## Your task:
What needs transcribing is the line with "팜모닝 자유주제·자유게시판 게시글 이미지" and every line after it to the end of the records, exactly and alone, with no pictures.

## Data shown:
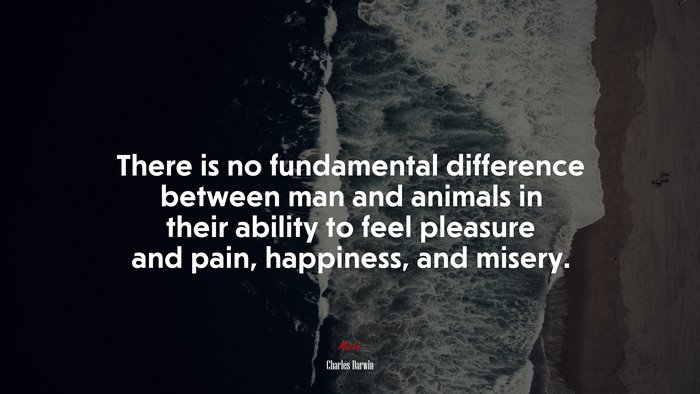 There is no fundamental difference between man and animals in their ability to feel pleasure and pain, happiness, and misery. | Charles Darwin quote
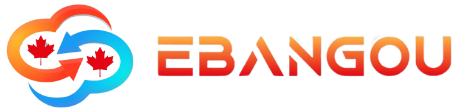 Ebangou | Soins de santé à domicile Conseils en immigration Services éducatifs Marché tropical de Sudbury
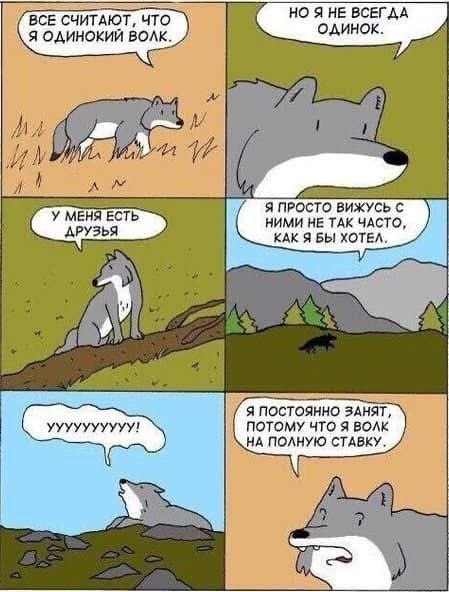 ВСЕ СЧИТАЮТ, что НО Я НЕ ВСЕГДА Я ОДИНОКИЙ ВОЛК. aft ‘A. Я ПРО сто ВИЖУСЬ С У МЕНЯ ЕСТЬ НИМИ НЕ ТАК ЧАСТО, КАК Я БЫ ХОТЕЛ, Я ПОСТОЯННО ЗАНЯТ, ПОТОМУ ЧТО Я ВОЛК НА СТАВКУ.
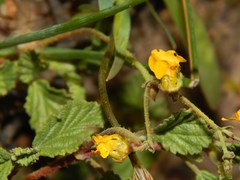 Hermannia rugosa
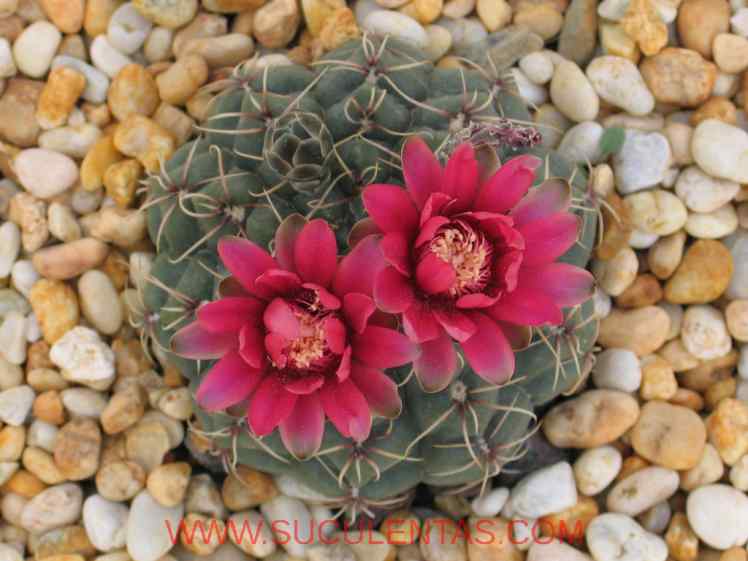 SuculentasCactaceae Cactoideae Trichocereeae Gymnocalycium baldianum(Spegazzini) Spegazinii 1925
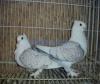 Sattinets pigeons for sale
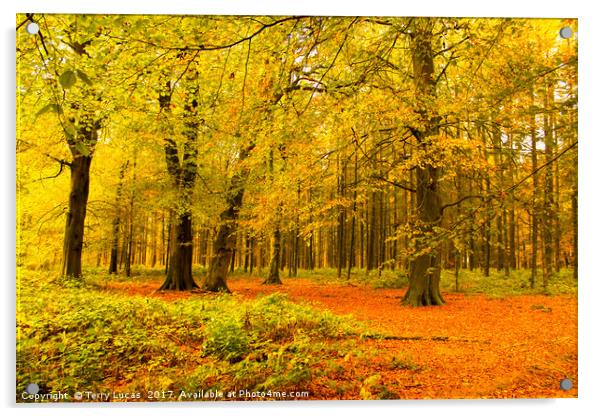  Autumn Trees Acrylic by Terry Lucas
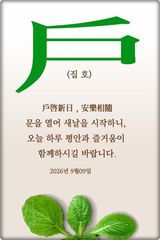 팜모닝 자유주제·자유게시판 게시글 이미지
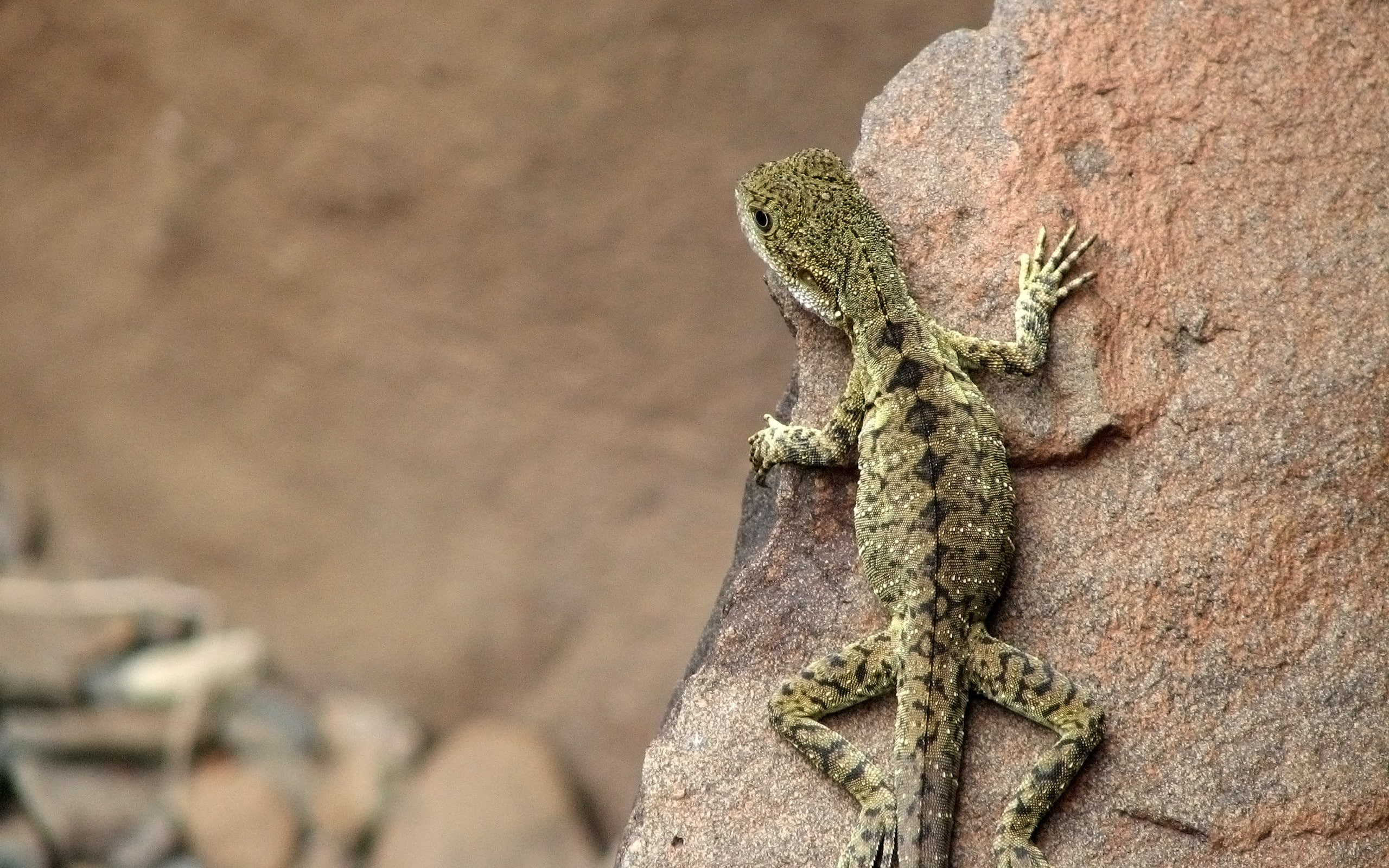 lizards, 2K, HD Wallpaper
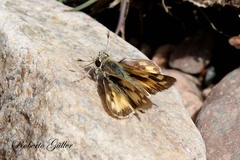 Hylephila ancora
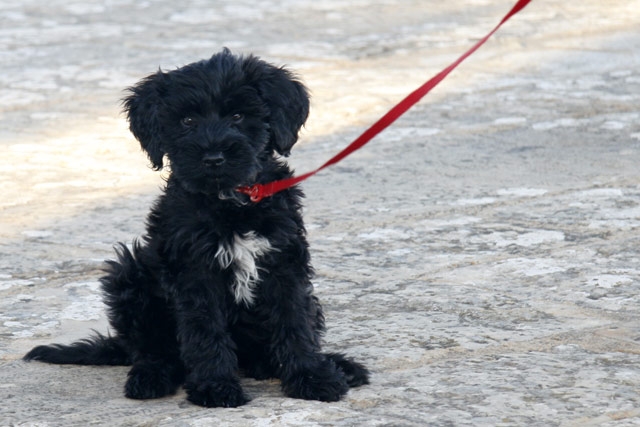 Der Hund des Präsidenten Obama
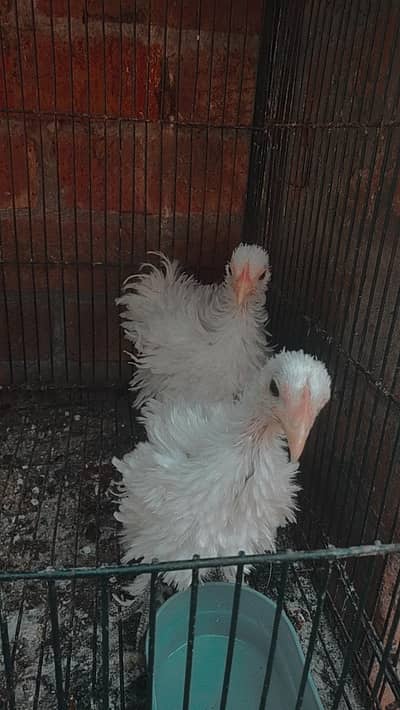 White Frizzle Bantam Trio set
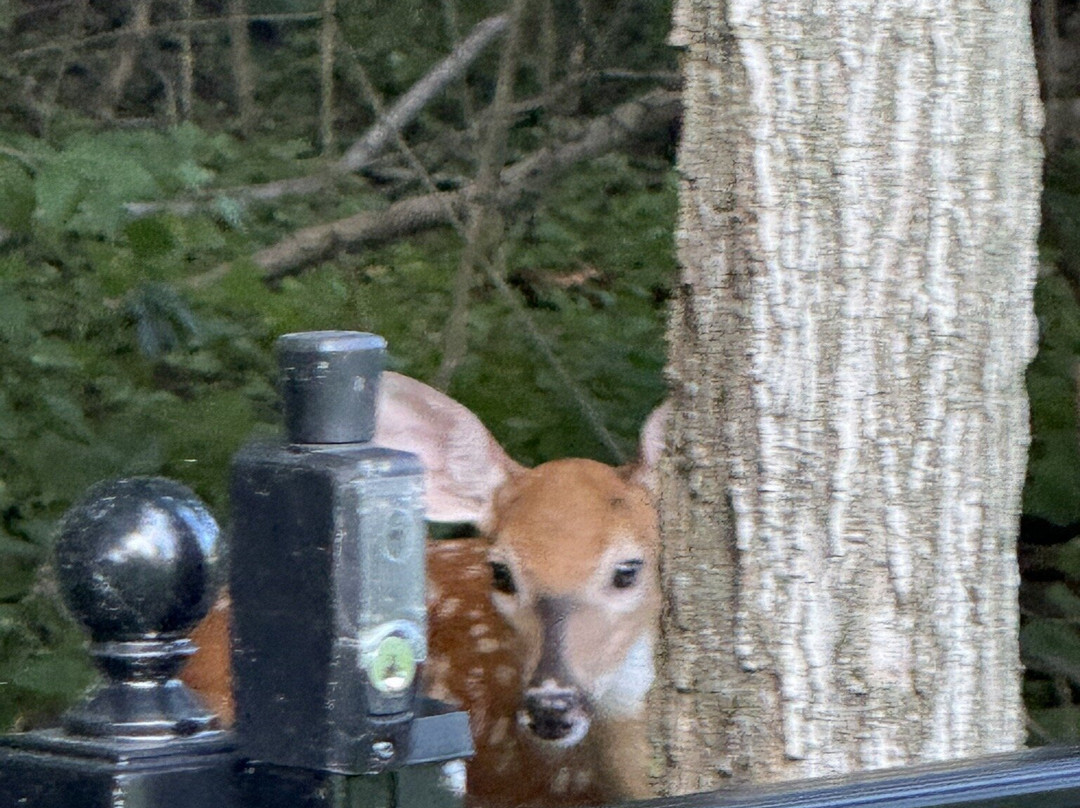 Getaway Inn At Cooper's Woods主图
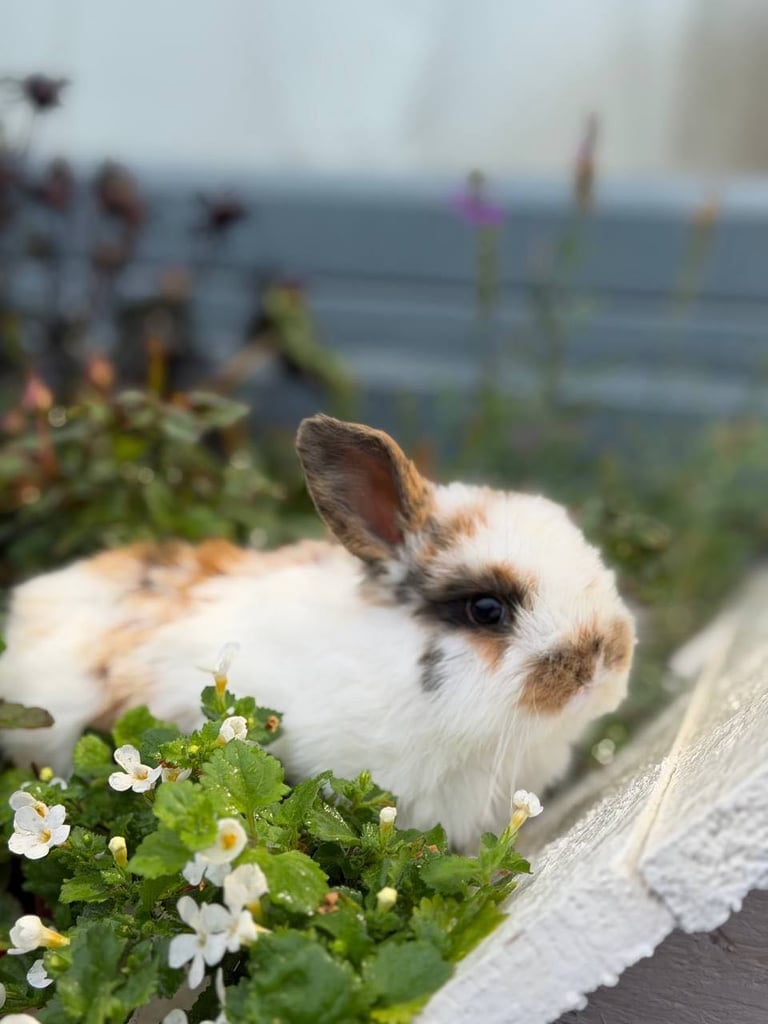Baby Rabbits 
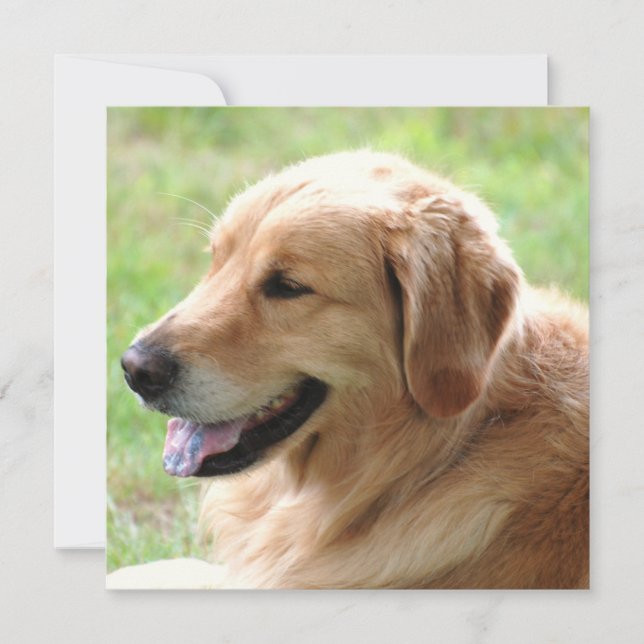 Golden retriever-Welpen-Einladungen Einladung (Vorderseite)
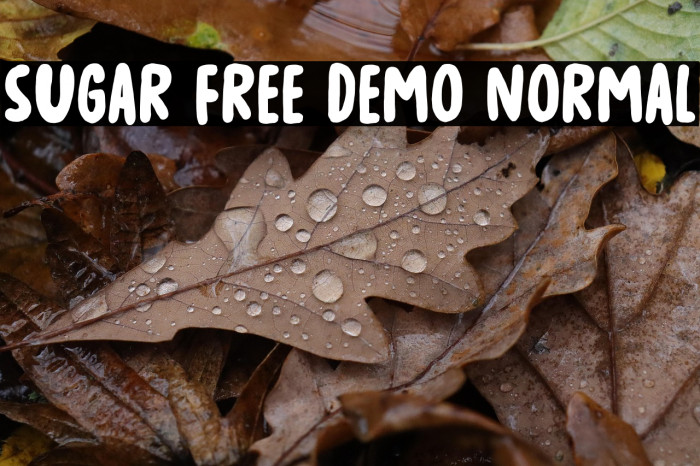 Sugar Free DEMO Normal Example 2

## Completed task:
 팜모닝 자유주제·자유게시판 게시글 이미지
 lizards, 2K, HD Wallpaper
 Hylephila ancora
 Der Hund des Präsidenten Obama
 White Frizzle Bantam Trio set
 Getaway Inn At Cooper's Woods主图
Baby Rabbits 
 Golden retriever-Welpen-Einladungen Einladung (Vorderseite)
 Sugar Free DEMO Normal Example 2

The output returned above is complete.